I wrote a function to calculate the log-likelihood of a set of observations sampled from a mixture of two normal distributions. This function is not giving me the correct answer.
I will not know which of the two distributions any given sample is from, so the function needs to sum over possibilities.
This function takes a vector of five model parameters as its first argument (μ1, σ1, μ2, σ2 and p) where μi and σi are the mean and standard deviation of the ith distribution and p is the probability a sample is from the first distribution. For the second argument, the function takes a vector of observations.

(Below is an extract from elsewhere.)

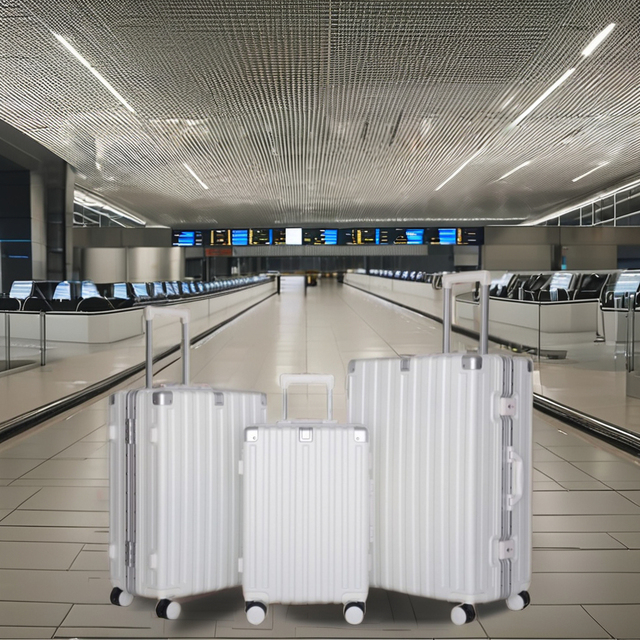 Unisex 20-24 Inch Aluminum Frame Suitcase Set Large Capacity Travel Trolley Case Fashionable PC Boarding Luggage Spinner Case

I have written the following function:
mixloglik <- function(p, v) {
sum(log(dnorm(v, p[1], p[2])*p[5] + dnorm(v,p[3],p[4]))*p[5])
}
I can create test data, for which I know the solution should be ~ -854.6359:
set.seed(42)
v<- c(rnorm(100), rnorm(200, 8, 2))
p <- c(0, 1, 6, 2, 0.5)
When I test this function on the test data I do not get the correct solution
> mixloglik(p, v)
[1] -356.7194
I know the solution should be ~ -854.6359. Where am I going wrong in my function?

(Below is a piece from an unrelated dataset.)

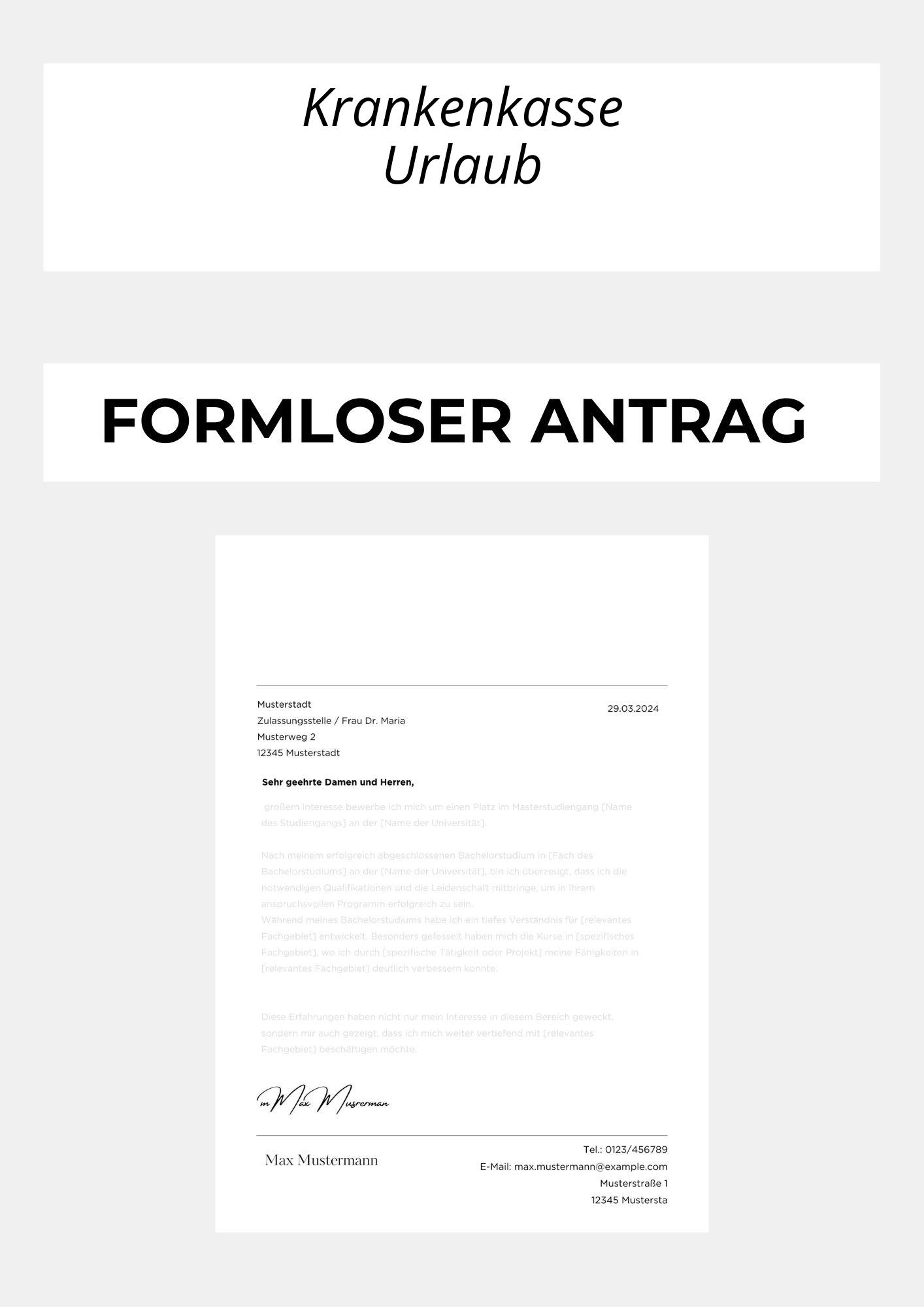 Formloser Antrag Krankenkasse Urlaub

The correct expression for the log-likelihood is the following.
mixloglik <- function(p, v) {
sum(log(p[5]*dnorm(v, p[1], p[2]) + (1 - p[5])*dnorm(v, p[3], p[4])))
}
Now try it:
set.seed(42)
v<- c(rnorm(100), rnorm(200, 8, 2))
p <- c(0, 1, 6, 2, 0.5)
mixloglik(p, v)
#[1] -854.6359
In cases like this, the best way to solve the error is to restart by rewriting the expression on paper and recode it.